5. What does ‘trope’ mean?
Trope: A figure of speech which
is not used in a literal manner.
6. Why does Crowley call the standardization process a war?
Because the linkage of language
and war was a very common trope in the eighteen century.
7. What does ‘ecomium’ mean?
A formal or high expression of
praise.
8. Who wrote ‘The Proposal for Correcting, Improving and Ascertaining the English Tongue’?
Jonathan Swift (1712)
9. Do Johnson and Swift agree that the English language has degenerated?
Yes, because as Johnson says
‘tongues like governments have a natural tendency to degeneration […] let us
make some struggles to our language’. With reference to Swift, his work intends
to reform the language in order to create a proper vehicle of communication. So
both agree in changing the language, therefore, they agree that the English
language has degenerated.
10. Swift proposed an academy, who else?
Dryden, Daniel Defoe, Addison
and Wilson.
11. Why were the Whigs against an academy?
Firstly, because the academy was
identified with France and thus with the Stuart Claimants to the Monarchy; and
secondly, because it had been instituted by Cardinal Richelieu who was an
aristocratic Catholic.
12. What does Sheridan means by the ‘genius of our people’?
It means that people in England
have no idea of submitting to any laws to which they don’t give their own conseil, so they have genius.
13. What reason does Swift give about the ‘decay of Latin’?
The change of their government
into a Tyranny.
There being no further use of
Encouragement for popular orators.
Freedom of the city, but
capacity for employment which brought a great number of foreign pretenders into
Rome.
The Invasion from Goths and
Vandals.
Summing up, heteroglossia
brings about the imperial downfall.
14. What does ‘suffer’ in the line 2 of page 66 mean?
Writers were worried that if
they wrote in English, in the future, people would not be able to understand
their texts because the language was constantly changing.
15. Who was the first person, involved in German Cultural Nationalism, to make the link between language and nation?
Herder.
16. What does Sheridan’s solution to the problem of divergence in pronunciation?
He proposed that the clergy
should be taught pronunciation in order that they could then act as the medium
by which it could be propagated.
17. How did several authors describe other European languages?
Italian: It is pleasant, but
without sinews, like a still fleeting water.
French: It is delicate, flimsy.
Spanish: It is majestical, but runs too much on the ‘o’, and is therefore
very guttural and not very pleasant. It’s grave.
Dutch: It is manlike, but withal
very harsh as one ready at every word to pick a quarrel.

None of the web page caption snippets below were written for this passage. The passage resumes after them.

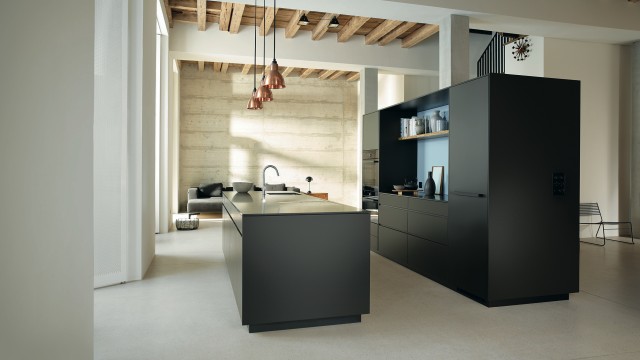 Design & furniture trends | Blum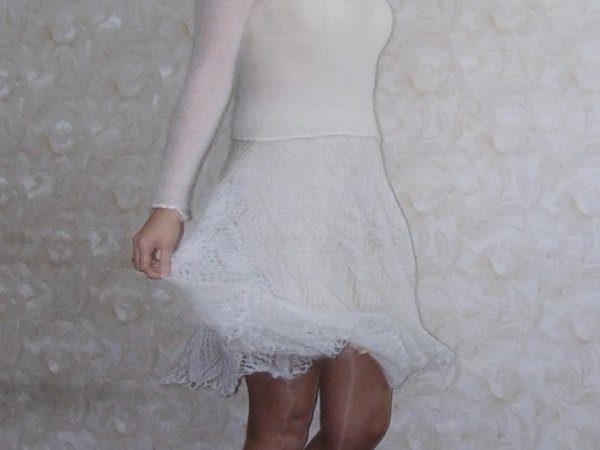 dress - Dresses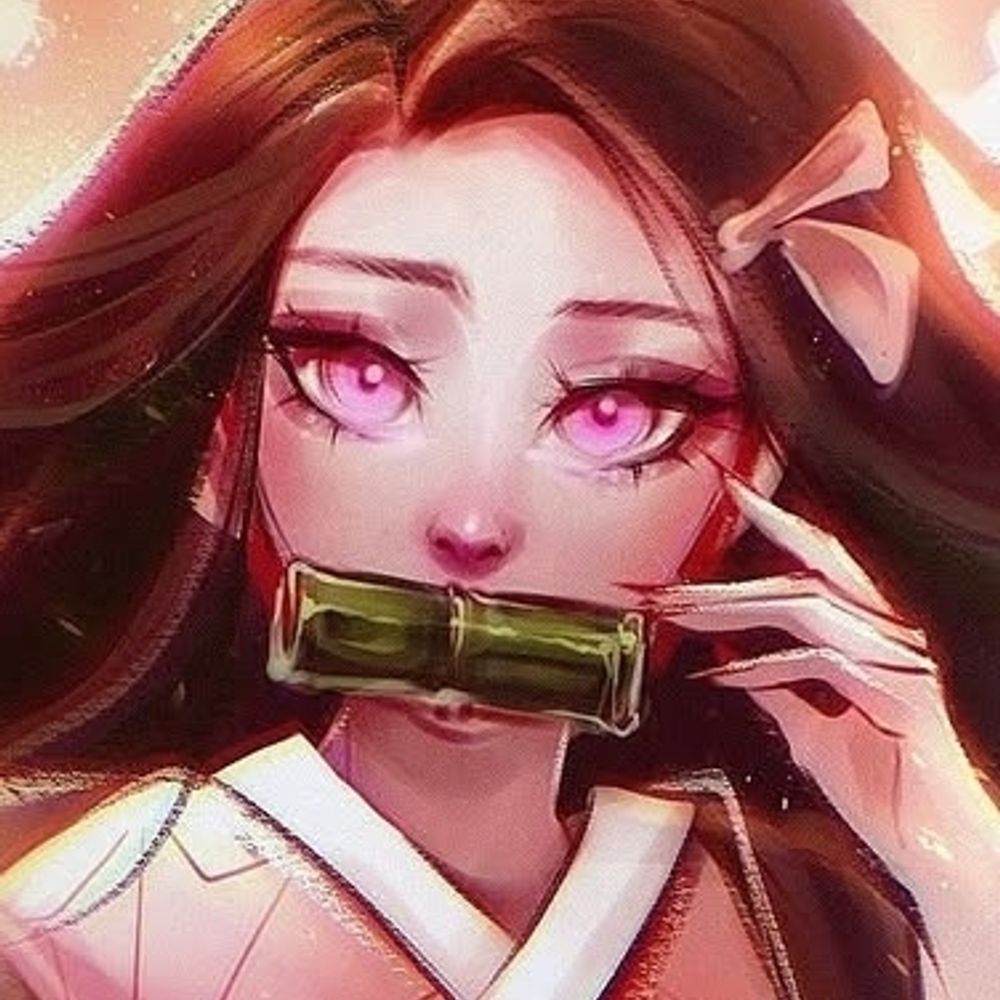 no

18. In which novel did Daniel Defoe capture the ‘Colonial fantasy’?
In ‘Robinson Crusoe’.
19. Locke thought that learning Latin was not necessary, for which group of people?
For the Tradesmen.
20. How did learning to speak English using Standard English empower people?
The languages are directly
related to political and social factors. Standard English became the
prestigious accent in society. It distinguished different social classes. For example,
the burgoise started to take interest in the
vernacular in order to be admitted within the social and political life.
21. What kind of English is deemed to be ‘proper’ English?
That which is found in the
upper and middle ranks, over the whole British. (Universities and Court)
22. How was the inculcation of linguistic patterns carried out with middle class children?
By means of discipline,
punishment and education. For example, dividing the class in groups of children
to the lengths of words they could spell, rewarding them if they do properly into
a better group.
23. What was the purpose of training women linguistically in the 18th century according to Crowley?
To fulfill the role of the
mother passing on pure language to the child and to act as a companion to the
male in the public sphere.
24. Why did Locke warn against children talking to servants?
Because of the contagion of
these ill precedents, both in civility and virtue and owing to their language
full of untowardly tricks and vice, as otherwise they possibly would be
ignorant of all their lives.
25. What was the difference between the mistakes made by the working classes and those made by the gentry according to Sheridan?
The difference was that the
gentry’s mistakes are not structural.